### [PROVIDED RECORDS]
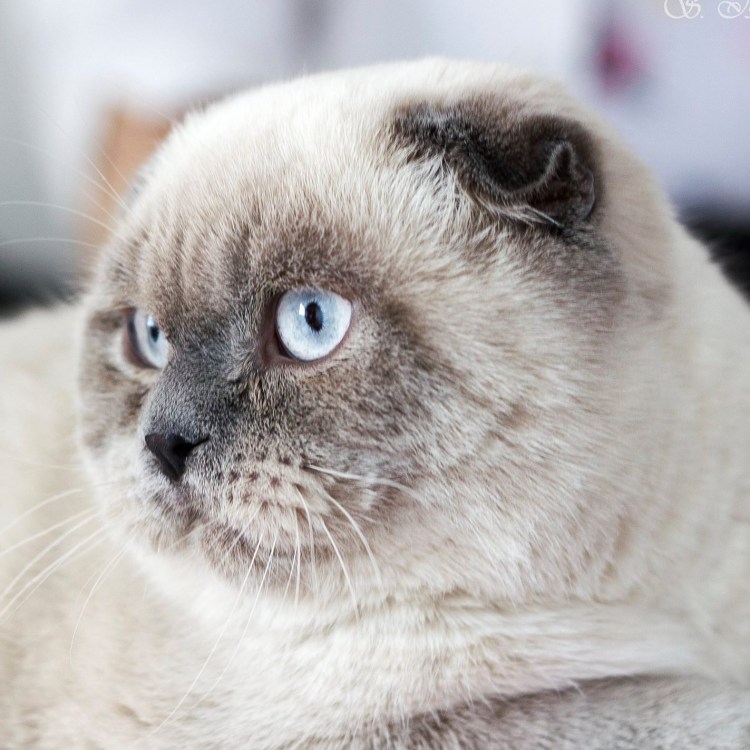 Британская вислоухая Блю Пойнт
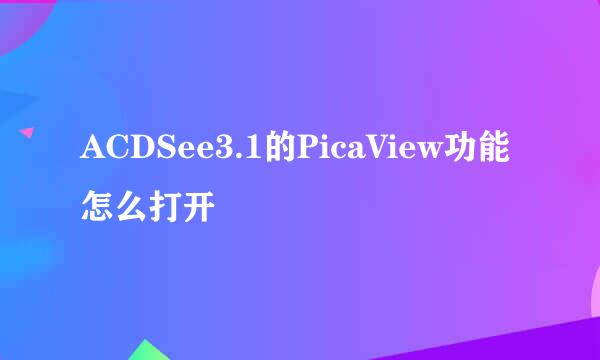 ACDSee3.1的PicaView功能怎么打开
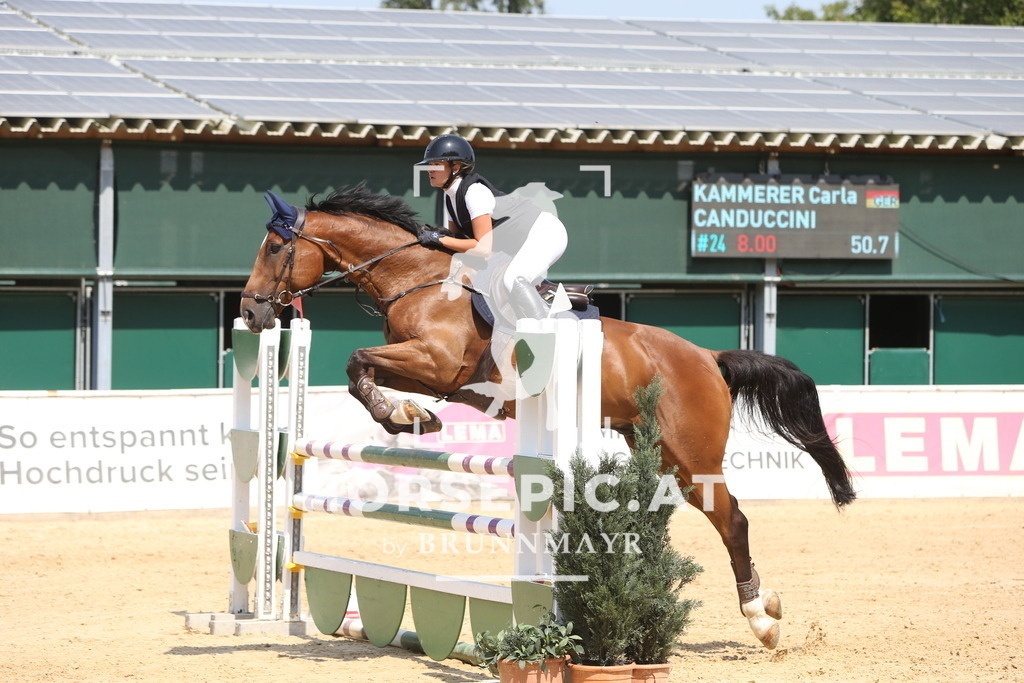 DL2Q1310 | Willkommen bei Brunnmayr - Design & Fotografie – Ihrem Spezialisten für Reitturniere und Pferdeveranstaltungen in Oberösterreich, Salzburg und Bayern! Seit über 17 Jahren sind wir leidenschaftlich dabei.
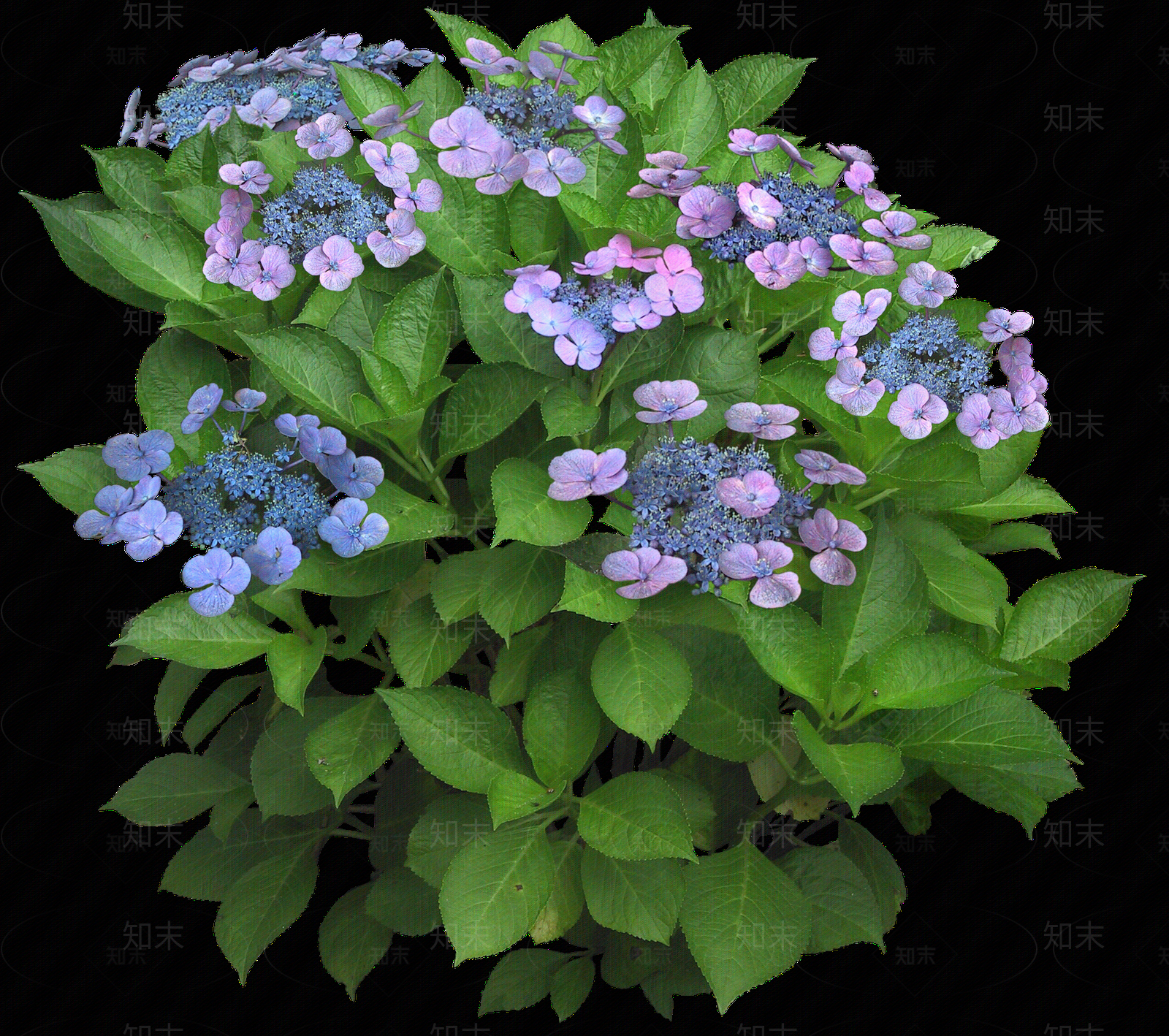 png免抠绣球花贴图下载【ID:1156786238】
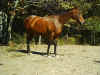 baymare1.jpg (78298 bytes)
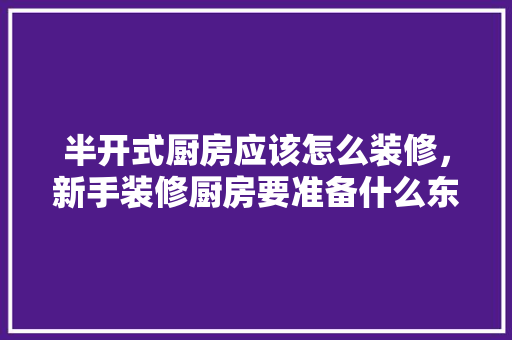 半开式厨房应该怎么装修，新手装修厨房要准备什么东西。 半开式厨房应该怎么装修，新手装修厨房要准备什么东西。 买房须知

### [ACTIVITY]
The final stretch of the data, from the line with "baymare1.jpg (78298 bytes)" through its last line, is to be retyped exactly; pictures are not part of the copy.

### [OUTPUT OF THE EXERCISE]
 baymare1.jpg (78298 bytes)
 半开式厨房应该怎么装修，新手装修厨房要准备什么东西。 半开式厨房应该怎么装修，新手装修厨房要准备什么东西。 买房须知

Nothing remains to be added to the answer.